__Web page caption snippets__.
'''

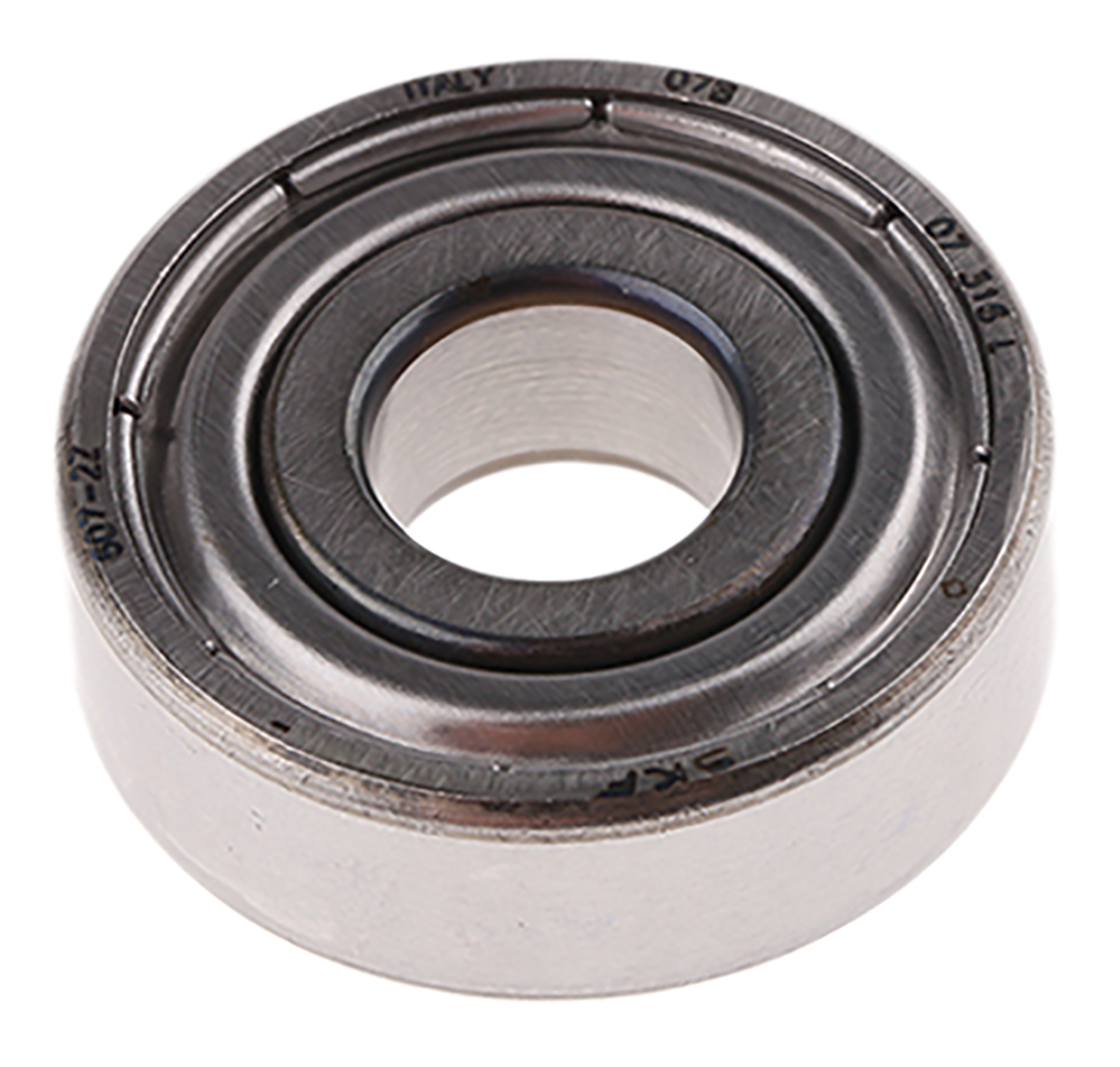 SKF 607-2Z 1 Row Ball Bearing - 7 mm ID, 19 mm OD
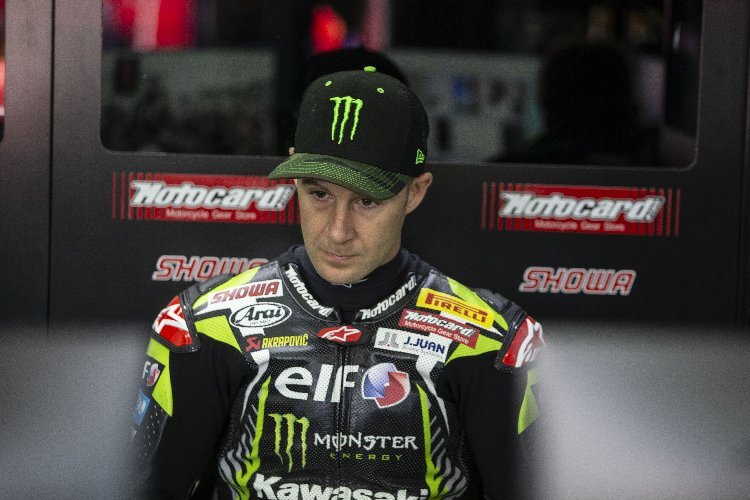 Jonathan Rea akzeptierte seinen Fehler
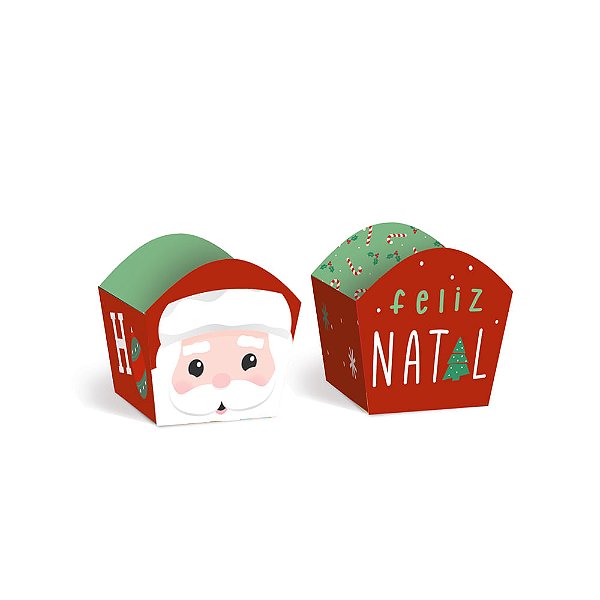 Forminha Compose Papai Noel Chegou - 50 Un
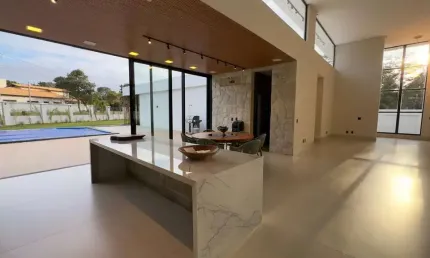 Casa Terrea Condominio Villa Verde Casa em Condomínio com 3 Quarto(s) e 4 banheiro(s) à Venda, 274 por R$ 3.200.000 no setor Residencial Villa Verde AU29824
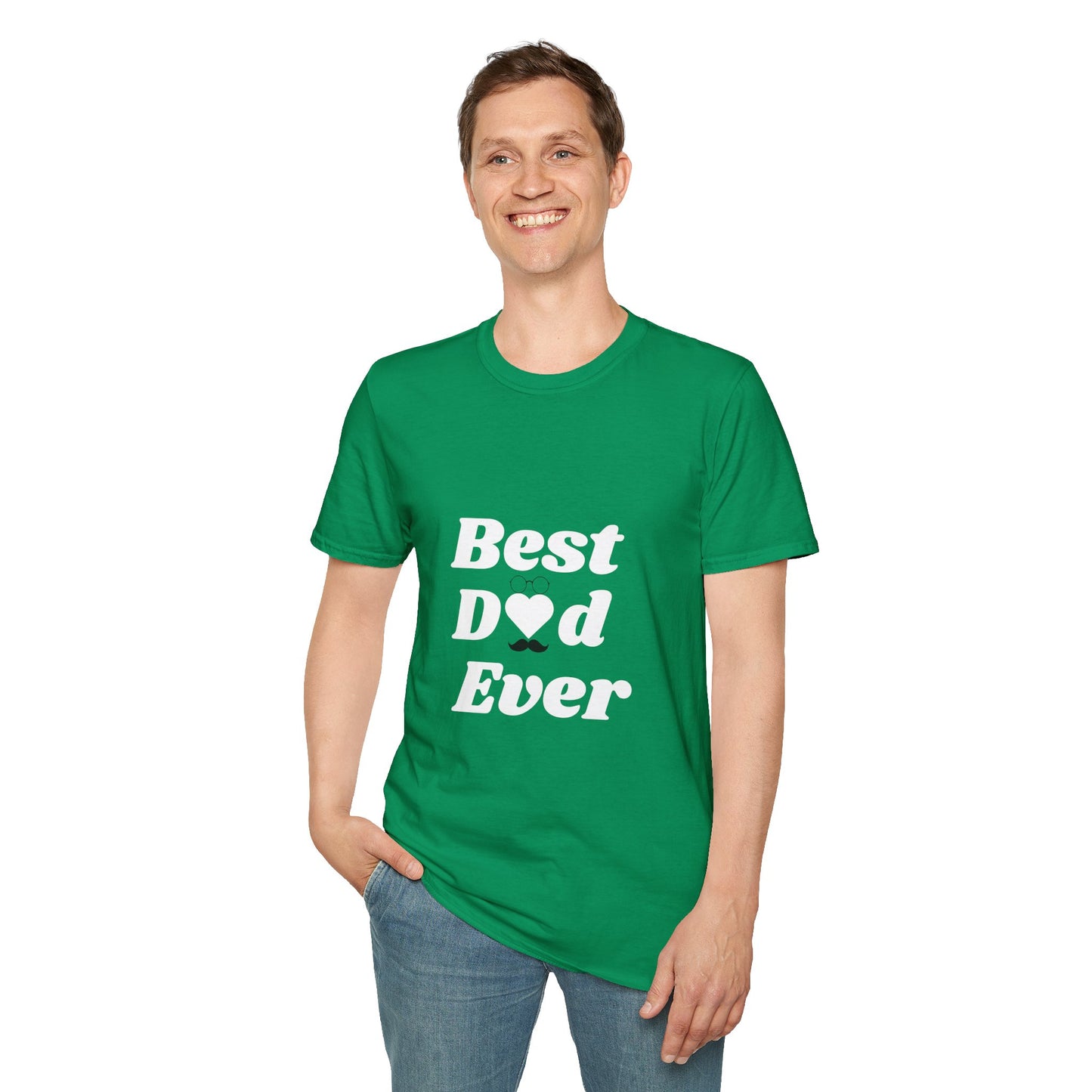 Best Dad Ever Unisex T-Shirt | Father's Day Gift, Soft Tee, Casual Wear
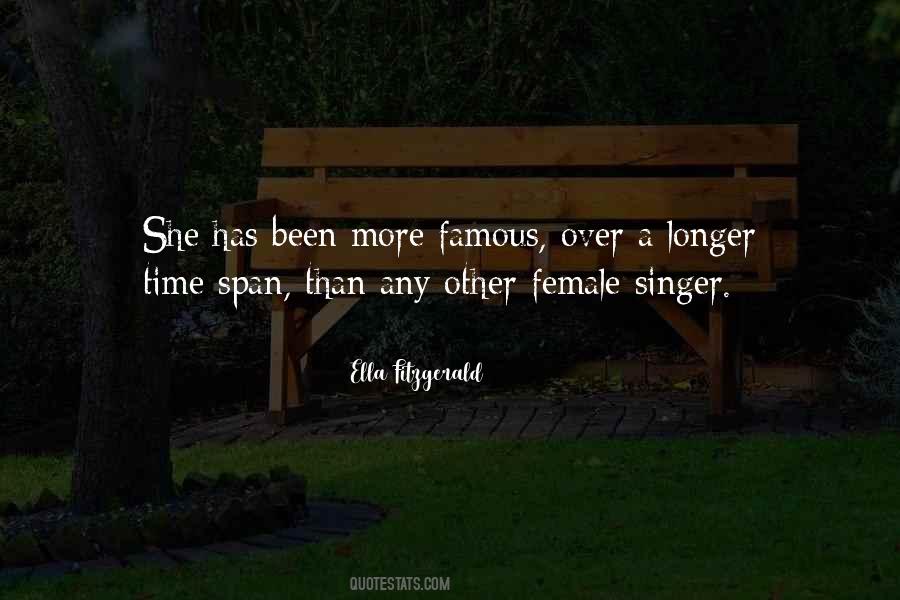 Ella Fitzgerald Quotes #159554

'''

__YOUR TASK__.
If an entry holds a picture, leave the picture out and repeat the rest exactly.

__ANSWER BOX__.
 SKF 607-2Z 1 Row Ball Bearing - 7 mm ID, 19 mm OD
 Jonathan Rea akzeptierte seinen Fehler
 Forminha Compose Papai Noel Chegou - 50 Un
 Casa Terrea Condominio Villa Verde Casa em Condomínio com 3 Quarto(s) e 4 banheiro(s) à Venda, 274 por R$ 3.200.000 no setor Residencial Villa Verde AU29824
 Best Dad Ever Unisex T-Shirt | Father's Day Gift, Soft Tee, Casual Wear
 Ella Fitzgerald Quotes #159554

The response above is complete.